Introduction: Genetic variation of drug metabolising enzymes has been recognised as one of the major causes of the inter-individual variability to drug response. The vast majority of drugs are degraded via a small number of metabolic pathways, mainly by microsomal P-450 enzymes localised in the liver and, to a minor extent, in the small intestine. Of these, CYP3A4 is the isozyme involved in the metabolism of most of the clinically useful drugs (50%). This is followed by CYP2D6 (20%), CYP2C9 and CYP2C19 (15%). In addition, minor pathways are catalysed by CYP2E1, CYP1A2, CYP2A6 and unidentified P-450s. Almost 40% of human P-450 dependent drug metabolism is carried out by genetically polymorphic enzymes. Polymorphisms generated by mutations in the genes for these enzymes cause quantitatively or qualitatively altered enzyme expression or activity through multiple molecular mechanisms. While CYP3A4 genetic polymorphisms are just beginning to be unraveled, extensive studies on the CYP2D6 gene over the last decade have identified at least 53 alleles. Of these, more than 20 of them are known to significantly alter the metabolism of CYP2D6 substrates.
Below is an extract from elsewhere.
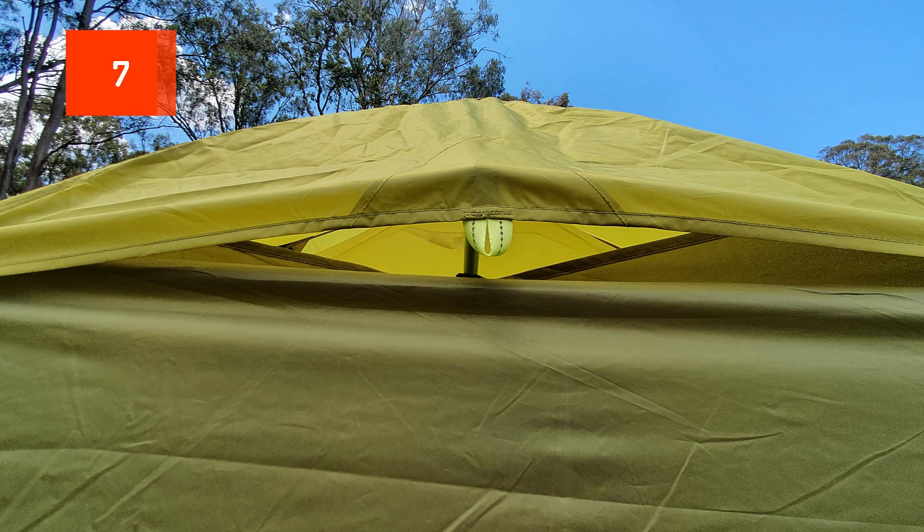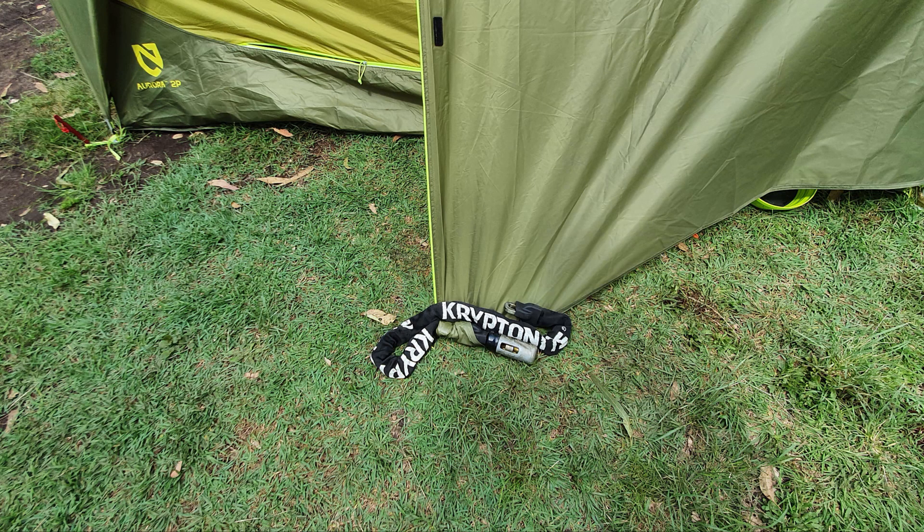Finally, number seven — this was a really good addition to this tent — there are two vents at each end to stop condensation, and they really do help. With the Hubba Hubba, condensation was quite a big problem inside the tent, so those two vents help a lot.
Methods: This article reviews the information derived from various studies over the past decade and explains the molecular basis of functional differences in CYP2D6 variants, especially with respect to inter-ethnic differences and their clinical implications.
Results: CYP2D6 activity ranges from complete absence to ultra-rapid metabolism. Large inter-individual and inter-ethnic variability exists in the activity of the enzyme, and consequently in the disposition of drugs undergoing oxidative metabolism.
Conclusions: Pharmacokinetic differences resulting from these polymorphisms show potentially important clinical consequences.